Monday, May 30, 2022

The 2022 playoffs have been amazing and I’m so confused

The NHL is good right now, and I’m confused and frightened.

This is mostly new ground for me. As long-time readers know, I’m never shy about aiming criticism at the NHL, and pointing out the product’s flaws when they become apparent. Critics would say that I complain aboutt the NHL basically all the time. I’d respond that I only criticize when it’s actually deserved, which is to say basically all the time.

But not now, because the 2022 playoffs have been good.

Like, really good. So, so good. And I find this deeply unsettling.

The first round delivered seven very good series out of eight, with five of those going the full seven games, which is almost unheard of. We had one team come all the way back from down 3-1 in the series, and two more come from down 3-2. We were teased with what could have been an epic upset in the Washington/Florida series. The Leafs and Lightning was great theater and delivered the result that most of you seemed to be rooting for. And even the one sweep served a purpose, with the Avalanche taking out the Predators with the sort of dominant trouncing that established a clear favorite for the rounds to come.

The round ended with a wild weekend, one that served up three Game 7s on a Saturday night (one short of the record), then two more on Sunday that both went to overtime. That was the first time in 25 years that we’ve had two Game 7 overtimes on the same day, and these two both ended with a team’s biggest offensive star scoring the winning goal.

Oh, and that entire round unfolded with a perfectly constructed schedule, one that saw each and every series playing out on alternating days with no gaps or back-to-backs. The league even seemed to realize that they could stagger start times, meaning there was pretty much always playoff hockey on whenever you wanted it.

It would have been impossible for the second round to match the first, but then… well, it almost did, right? We had another sweep, but while the Lightning and Panthers rematch was a bit of a dud, it was still a fascinating storyline to see the little brother spend the year bulking up just to get sand kicked in his face yet again. The Blues gave the Avalanche everything they could handle, including a Game 5 win that may have been the most dramatic of the playoffs so far. The Rangers and Hurricanes are going to a Game 7 tonight, and the series is already close to a classic, with Carolina’s home/road splits hitting never-before-seen territory.

And of course, the big one: After 31 years, we finally got a Battle of Alberta. Then the action somehow lived up to the hype, if not more. That opening game will live in infamy, and for once it’s going to be the good kind.

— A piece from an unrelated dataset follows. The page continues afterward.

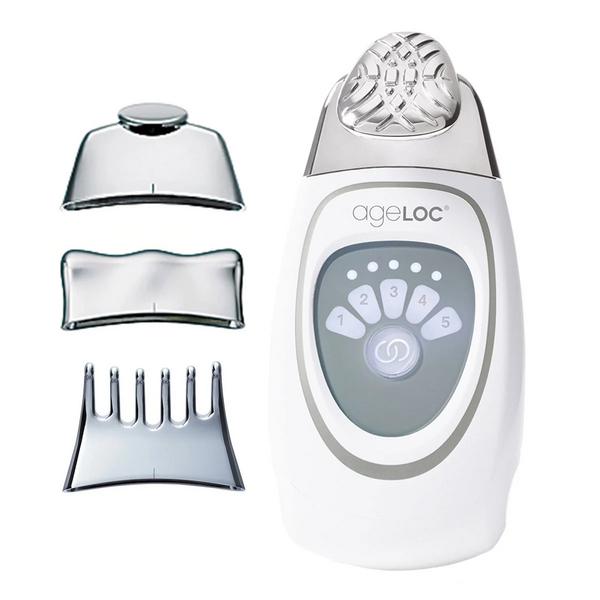 ageLOC ガルバニック スパの製品画像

That’s a solid month’s worth of hockey, and just about all of it was fantastic. We had lots of goals, continuing a trend from the regular season. There were some epic comebacks, enough that we got used to feeling like a two or even three-goal lead wasn’t some insurmountable deficit. There was enough bad blood to keep everything spicy, but nothing that went so far overboard that it hung over a series. For once, it just felt like everything that can be fun about the NHL clicked into place.

Look at all of that. I’m pretty sure that’s the most words I’ve ever strung together in a row about the NHL without ranting about how much I hated something. What’s happening to me? Have I mellowed in my old age? Did I secretly get hired on as the league’s PR guy? There’s got to be something I can grumble about.

Uh… those CGI ads on the ice are kind of weird, I guess.

Yeah, I can’t do it. Or rather, I can do it, but I don’t want to, because it wouldn’t be deserved. It would feel forced. I’d be playing a character, waving my cane at the world beyond my porch just because that’s my comfort zone. It would feel cheap.